L’avenir devait prouver le peu de valeur de ce jugement : il est difficile de se prononcer sur le caractère des très jeunes personnes, de décider, quand le verger est en pleine floraison, quels boutons doivent être anéantis par la gelée, quels autres ont chance de produire des fruits.

Chaque année, Nellie passait chez sa mère un mois de vacances ; mais il n’arriva que deux fois dans le cours de quatre ans que le jeune héros de son enfance se trouvât à Athelstone, tandis qu’elle-même était à Ripple ; encore ne fut-ce que pour peu de jours.

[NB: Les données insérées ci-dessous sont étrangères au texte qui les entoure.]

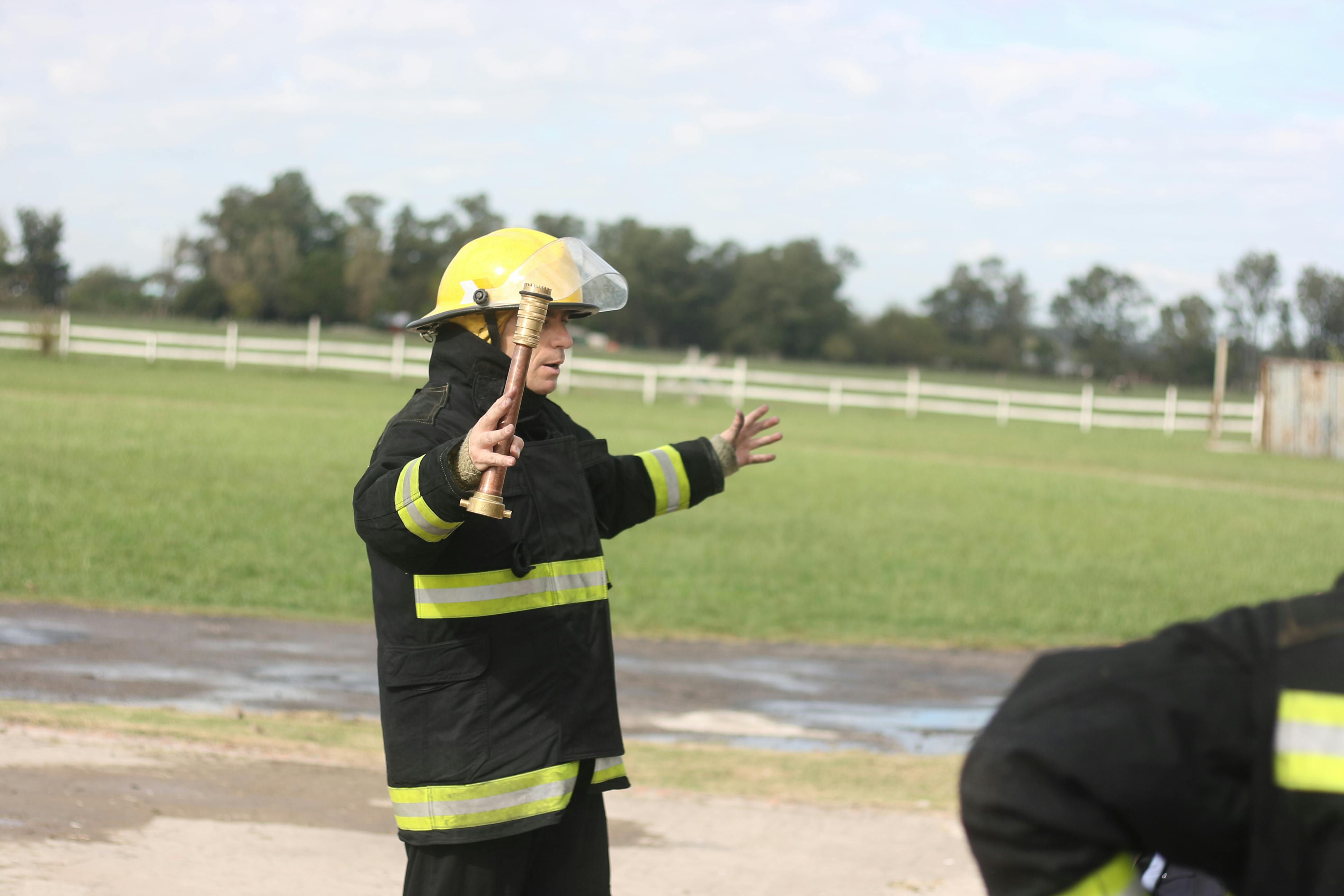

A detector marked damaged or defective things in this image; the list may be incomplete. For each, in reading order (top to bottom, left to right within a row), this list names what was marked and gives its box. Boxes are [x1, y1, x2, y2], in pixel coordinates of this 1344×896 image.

rusty metal shed [1263, 354, 1338, 459]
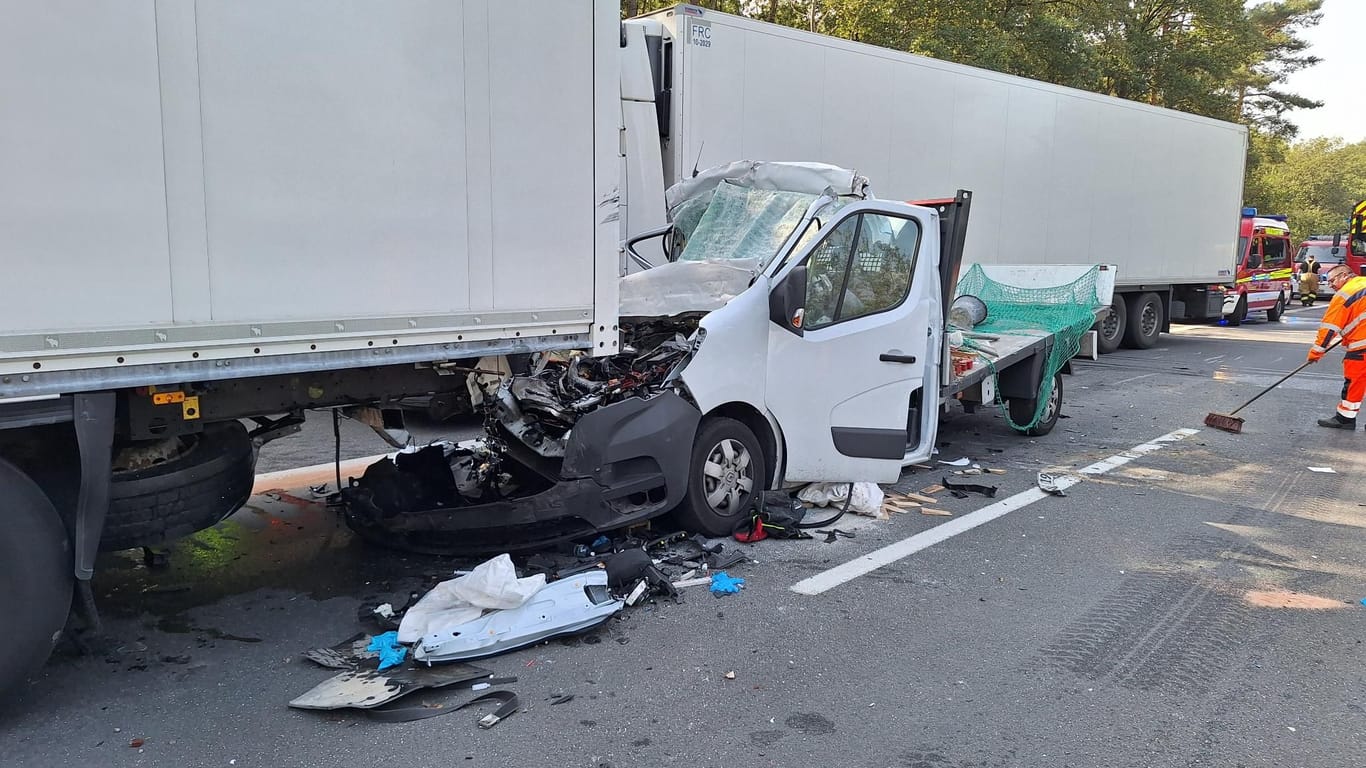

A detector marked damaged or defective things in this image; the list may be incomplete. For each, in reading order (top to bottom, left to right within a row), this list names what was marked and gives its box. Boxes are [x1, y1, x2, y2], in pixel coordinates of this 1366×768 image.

shattered windshield [674, 180, 819, 266]
broken front bumper [341, 388, 704, 549]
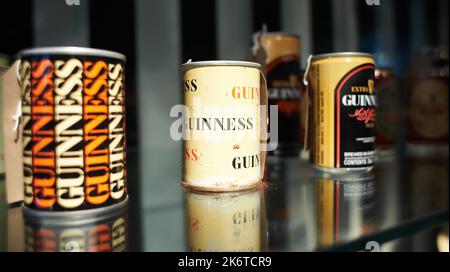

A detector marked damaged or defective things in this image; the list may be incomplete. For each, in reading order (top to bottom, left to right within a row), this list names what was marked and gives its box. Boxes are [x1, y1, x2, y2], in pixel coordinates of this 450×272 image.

rusty can [16, 47, 127, 216]
rusty can [181, 60, 268, 191]
rusty can [250, 33, 302, 157]
rusty can [306, 52, 376, 173]
rusty can [185, 188, 262, 252]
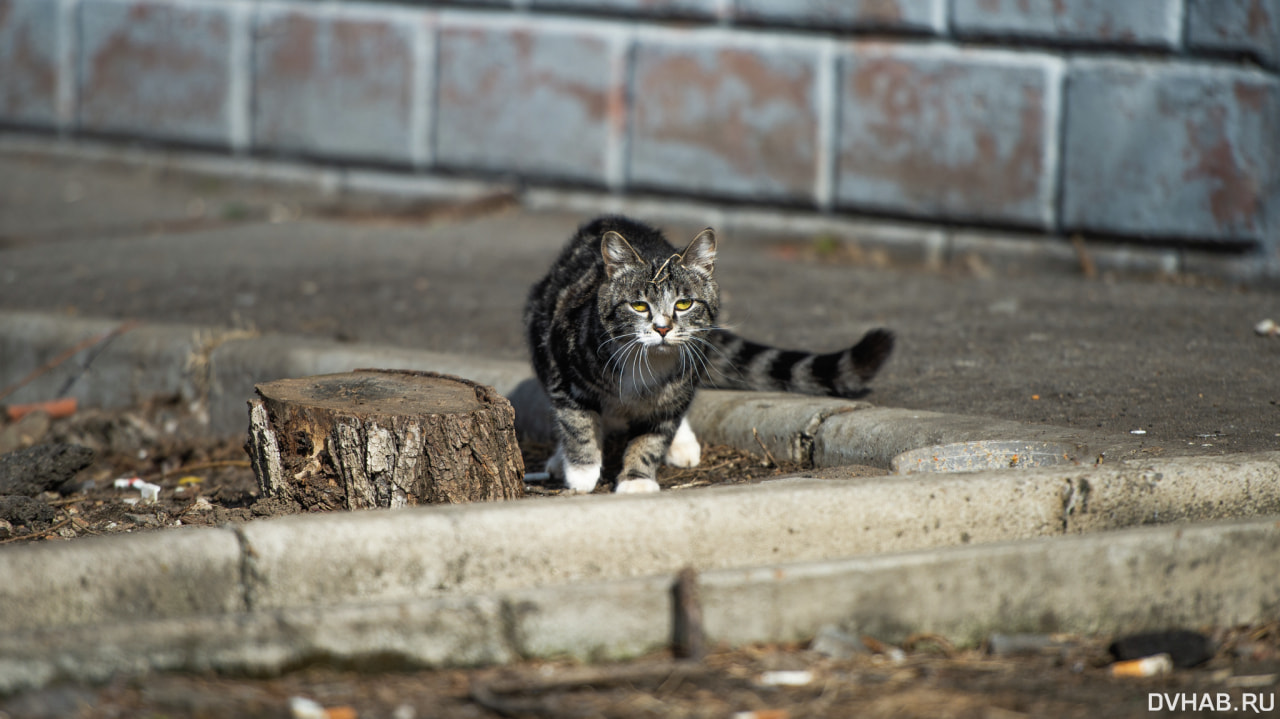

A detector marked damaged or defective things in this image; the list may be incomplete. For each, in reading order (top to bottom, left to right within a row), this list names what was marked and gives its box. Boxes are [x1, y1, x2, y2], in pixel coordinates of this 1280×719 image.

rust-stained brick [79, 0, 238, 145]
rust-stained brick [254, 6, 424, 163]
rust-stained brick [629, 38, 819, 202]
rust-stained brick [834, 43, 1054, 226]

Il voyageait à l’étranger avec un précepteur, ou bien il était à Londres. Le congé de Noël attirait à son tour Mme Dawson chez l’oncle Joshua. Durant sa dernière visite, les assiduités du fils de la maison, Sam, un godelureau de dix-neuf ans, taillé en athlète, lui donnèrent fort à réfléchir. Il s’ingéniait à organiser des promenades en tête-à-tête avec sa cousine, l’attirait dans les coins pour lui parler tout bas, la comblait de petits présens. En mère prudente, Mme Dawson résolut de ne plus souffrir qu’un tel état de choses se prolongeât. L’oncle Joshua, absolument aveugle, par la raison que sa nièce lui faisait toujours l’effet d’un enfant, voulait garder Nellie une année encore ; il ne fallait pas l’irriter, sans doute, mais, dans l’intervalle, un emploi convenable pouvait être offert à la jeune fille... Mme Dawson eut recours à lady Athelstone, qui, appréciant ses motifs, appuya la candidature de Nellie pour la place de sous-maîtresse à l’école de Warley.

Quinze livres sterling d’appointemens ! c’était misérable, au dire de l’oncle Joshua, qui fit observer assez judicieusement qu’après tout ce qu’il avait dépensé pour son instruction, elle pourrait, moyennant un an ou deux d’efforts, gagner le double ailleurs. Que ferait-elle à Warley de son français et de son piano ? C’était absurde. Mais Mme Dawson s’entêta doucement et, dès le dimanche de la Trinité, Nellie entra en fonctions.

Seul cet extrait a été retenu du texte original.